Chapter 36: The Matter of Gender

I closed my eyes and delved into Parula’s memories, searching for a specific keyword: winter. With a target, the fragmented recollections became easier to grasp, coalescing into images as cold and sharp as icicles. I saw snow, a merciless, endless fall of white that buried the city in a silent shroud. I saw the orphans, huddled together around a single, sputtering brazier in MacDuff’s drafty hovel, their breath misting in the frigid air. I felt the desperate, gnawing chill of the nights, burrowing deep into a pile of damp, musty straw for a warmth that never truly came. We had been the lucky ones, in a way. MacDuff needed us, so he couldn't let us all freeze to death. The hovel, for all its flaws, offered shelter from the wind and the snow, and the fire kept the worst of the frost at bay. We would huddle together, a tangle of shivering limbs in the straw, sharing our meager body heat to survive the night. The less fortunate, the outcasts and vagrants with no one to claim them, had it far worse. They would press together in sheltered alleyways, praying for scraps of food and a few splinters of wood for a fire, often freezing to death in their sleep. In Parula's memories, winter was a season of death. Many died from the cold, especially those who fell ill and had no money for a doctor. It wasn't just the beggars and the homeless; even the ordinary citizens of the tenements often didn't live to see the spring. I also remembered MacDuff forcing us children out into the cold on the clearer days, our hands and feet numb, to scavenge for firewood. Jared, as his prize thief, was exempt from this drudgery; his work was to provide food, a far more critical resource.

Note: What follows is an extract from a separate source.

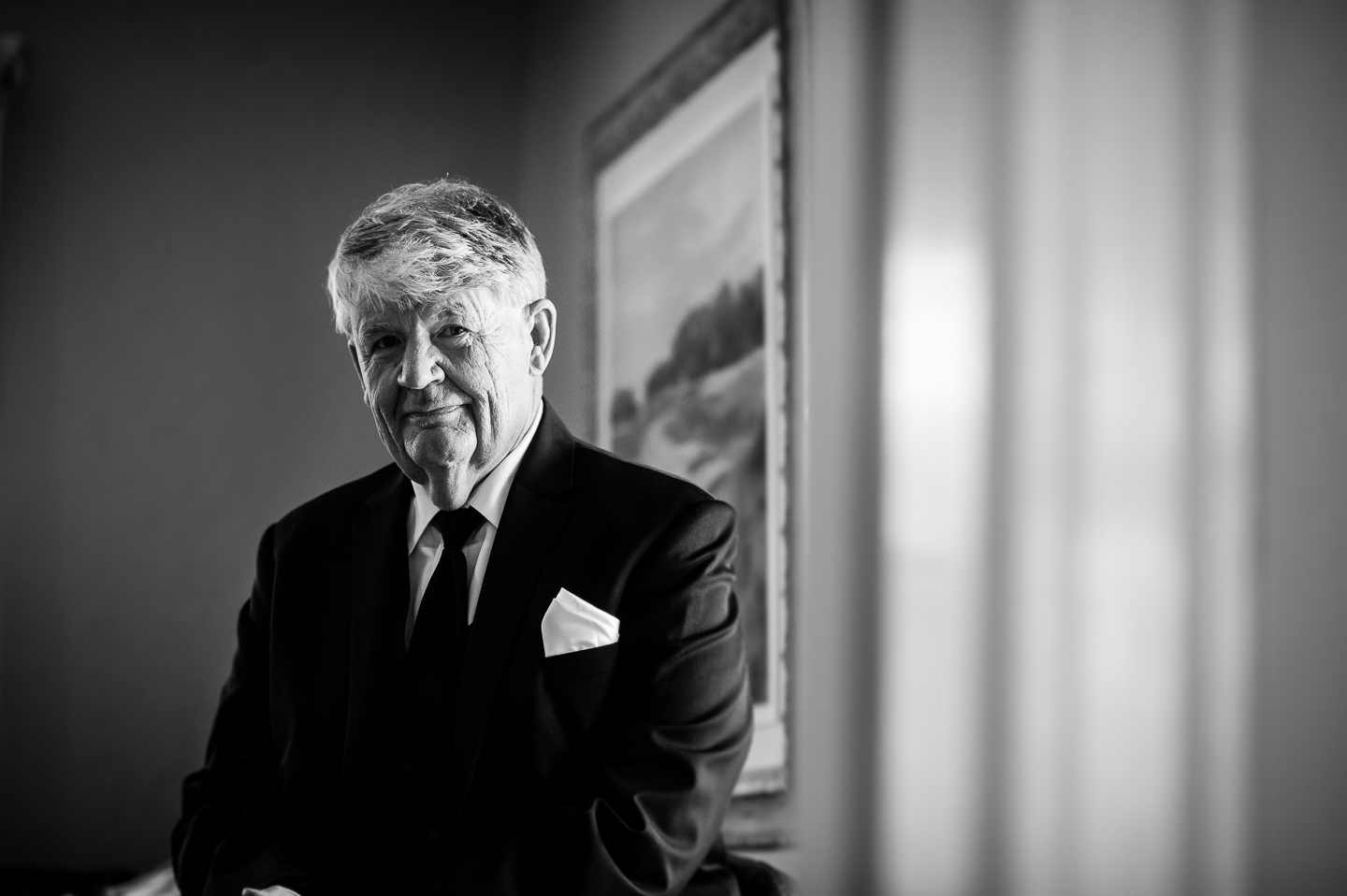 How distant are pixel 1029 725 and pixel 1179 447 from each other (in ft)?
1.20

And in these bleak memories, Jared had always been there, a quiet, steadfast protector. It was his warmth that had kept the frost from Parula's lungs, his stolen bread that had kept the worst of the starvation at bay. He had given his own share of the straw to the younger children, and ventured out into the frozen woods beyond the city to gather firewood when no one else would. Parula had survived those winters because of him. He had held her while she slept, sharing his body heat. He had given her his own meager rations of food, and the stolen woolen coat that had kept the frost from her bones. It was clear that even among the many orphans he looked after, Jared had held a special place for Parula. No wonder he had held me so naturally last night. He had done it countless times before. The warmth of that memory, her memory, lingered in this body like a phantom limb, an echo of an affection that was not mine, yet one I could not deny. It made me, a stranger in this skin, feel a connection to him, a need to look at him, to reassure myself that this one small point of kindness in a cruel world was still there.

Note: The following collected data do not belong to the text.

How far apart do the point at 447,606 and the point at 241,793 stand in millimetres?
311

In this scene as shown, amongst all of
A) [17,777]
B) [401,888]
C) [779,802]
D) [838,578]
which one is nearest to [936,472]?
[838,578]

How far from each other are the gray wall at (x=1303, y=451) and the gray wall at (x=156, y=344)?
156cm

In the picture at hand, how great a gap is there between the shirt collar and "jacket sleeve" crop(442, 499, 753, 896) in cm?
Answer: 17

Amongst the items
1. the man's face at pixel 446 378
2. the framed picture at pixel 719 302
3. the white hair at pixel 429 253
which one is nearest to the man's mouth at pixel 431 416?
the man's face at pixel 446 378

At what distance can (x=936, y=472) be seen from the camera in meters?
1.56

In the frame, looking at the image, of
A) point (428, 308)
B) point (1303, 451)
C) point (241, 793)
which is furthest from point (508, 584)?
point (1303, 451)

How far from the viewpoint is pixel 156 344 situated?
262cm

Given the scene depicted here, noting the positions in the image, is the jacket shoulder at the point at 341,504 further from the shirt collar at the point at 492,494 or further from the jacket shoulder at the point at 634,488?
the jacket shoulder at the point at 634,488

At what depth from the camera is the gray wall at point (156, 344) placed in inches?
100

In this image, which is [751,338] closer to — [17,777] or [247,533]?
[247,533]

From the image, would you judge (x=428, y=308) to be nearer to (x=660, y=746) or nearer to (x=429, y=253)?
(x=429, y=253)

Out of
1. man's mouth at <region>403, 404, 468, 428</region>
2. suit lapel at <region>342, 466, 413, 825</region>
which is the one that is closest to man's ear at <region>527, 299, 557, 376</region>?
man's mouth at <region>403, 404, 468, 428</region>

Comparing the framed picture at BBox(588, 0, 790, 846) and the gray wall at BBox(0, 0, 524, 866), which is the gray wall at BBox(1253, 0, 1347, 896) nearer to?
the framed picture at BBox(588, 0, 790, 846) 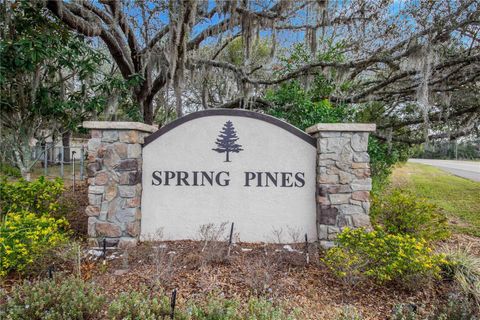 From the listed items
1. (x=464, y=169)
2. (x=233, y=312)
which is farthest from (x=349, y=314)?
(x=464, y=169)

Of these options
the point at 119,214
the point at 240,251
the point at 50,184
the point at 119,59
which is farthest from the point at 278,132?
the point at 119,59

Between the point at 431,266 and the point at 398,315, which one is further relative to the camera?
the point at 431,266

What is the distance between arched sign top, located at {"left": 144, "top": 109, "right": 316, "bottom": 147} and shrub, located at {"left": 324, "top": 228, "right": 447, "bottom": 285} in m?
1.47

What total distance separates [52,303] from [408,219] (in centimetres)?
442

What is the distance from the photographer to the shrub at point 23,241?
296 centimetres

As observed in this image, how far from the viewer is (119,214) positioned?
12.9 ft

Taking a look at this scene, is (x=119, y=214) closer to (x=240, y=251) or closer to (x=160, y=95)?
(x=240, y=251)

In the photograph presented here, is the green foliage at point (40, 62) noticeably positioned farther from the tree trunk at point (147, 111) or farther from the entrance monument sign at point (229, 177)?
the entrance monument sign at point (229, 177)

And then I realized he was staring back at me, a strange, confused expression on his face.

"What is it?" I asked. 

"Parula," he said, a hint of awkwardness in his voice, his gaze flickering past me. "That's… that's the men's changing room."

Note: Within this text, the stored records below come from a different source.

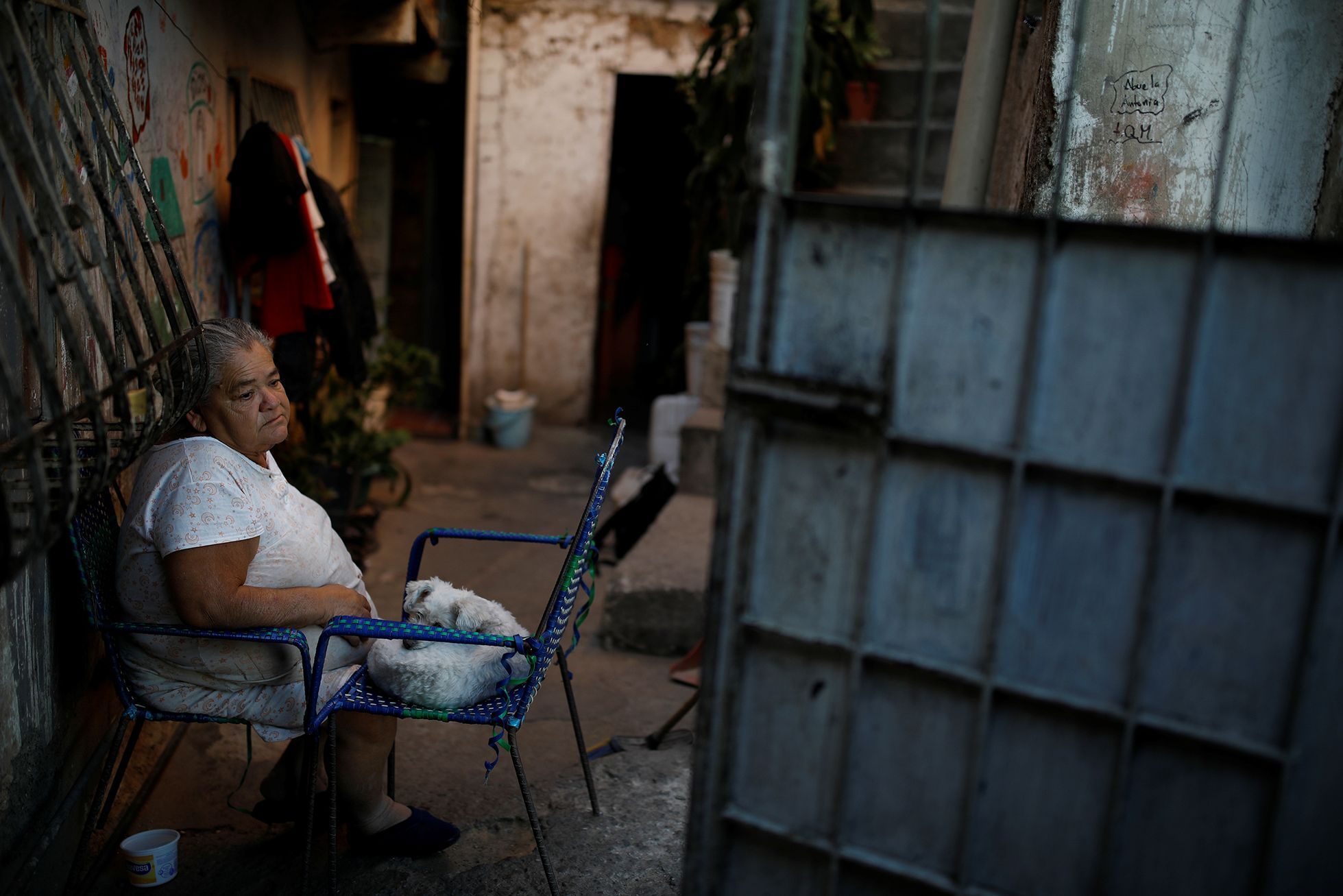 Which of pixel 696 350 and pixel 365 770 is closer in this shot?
pixel 365 770

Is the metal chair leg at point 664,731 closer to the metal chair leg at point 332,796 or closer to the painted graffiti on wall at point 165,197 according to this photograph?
the metal chair leg at point 332,796

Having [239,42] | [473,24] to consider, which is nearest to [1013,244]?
[239,42]

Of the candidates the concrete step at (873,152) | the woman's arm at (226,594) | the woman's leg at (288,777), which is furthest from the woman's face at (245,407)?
the concrete step at (873,152)

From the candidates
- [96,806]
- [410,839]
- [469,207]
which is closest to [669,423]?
[469,207]

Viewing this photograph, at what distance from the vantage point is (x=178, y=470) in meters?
2.20

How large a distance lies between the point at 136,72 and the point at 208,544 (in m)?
1.72

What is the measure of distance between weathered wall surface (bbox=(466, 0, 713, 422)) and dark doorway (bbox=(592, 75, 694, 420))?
51 cm

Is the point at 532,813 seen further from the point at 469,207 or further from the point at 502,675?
the point at 469,207

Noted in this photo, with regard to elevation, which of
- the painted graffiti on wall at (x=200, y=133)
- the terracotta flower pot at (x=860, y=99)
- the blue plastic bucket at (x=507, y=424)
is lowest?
the blue plastic bucket at (x=507, y=424)

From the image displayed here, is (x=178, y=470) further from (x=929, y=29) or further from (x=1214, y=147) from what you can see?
(x=1214, y=147)

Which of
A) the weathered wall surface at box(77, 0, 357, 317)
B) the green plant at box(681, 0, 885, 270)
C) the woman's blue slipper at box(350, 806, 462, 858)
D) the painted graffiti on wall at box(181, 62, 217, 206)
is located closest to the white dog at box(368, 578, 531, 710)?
the woman's blue slipper at box(350, 806, 462, 858)

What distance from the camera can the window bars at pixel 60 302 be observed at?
1.67 meters

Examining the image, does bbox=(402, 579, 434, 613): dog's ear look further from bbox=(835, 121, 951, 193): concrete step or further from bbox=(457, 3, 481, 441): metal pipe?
bbox=(457, 3, 481, 441): metal pipe

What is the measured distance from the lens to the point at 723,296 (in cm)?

"Huh?" I had been so lost in thought I hadn't even realized we had reached the changing rooms. Ahead of me was an entrance shielded by a heavy, blue curtain. The one we had just passed was pink. The meaning was obvious, a simple binary I had failed to process. No problem, I thought. Finally, a proper bath. I started to walk forward, a thrill of anticipation running through me. And then Jared grabbed my arm, his grip surprisingly firm, pulling me back.

"No, Parula," he said, a gentle confusion in his voice. "You're supposed to go in that one. I'm the one who goes in here."

"Ah? Wha-what?!" It took a moment for his words to penetrate my foggy, male-oriented brain. And then it hit me, a realization so fundamental, so world-shattering, that the grimy bathhouse walls seemed to tilt around me. I am not a man anymore. I am a girl. I belong on the other side of that curtain. In my eagerness for a simple, civilized comfort, I had completely forgotten. My instincts, my entire life's experience, my very sense of self, had led me towards the men's entrance. But that path was closed to me now, forever. I had to go… to the other side. The women's changing room. The women's bath. To me, it was a forbidden garden, a mysterious, unknown territory. To step through that pink curtain felt like a final surrender, an admission that the boy, the man I used to be, was well and truly dead, a ghost haunting a little girl's body.

Seeing the look of turmoil on my face, Jared, in his sweet, boyish innocence, completely misinterpreted my existential crisis. "It's alright, Parula," he said, trying to comfort me, a small, reassuring smile on his face. "You're a big girl now. You can't bathe with your big brother forever. It's time you learned to wash on your own."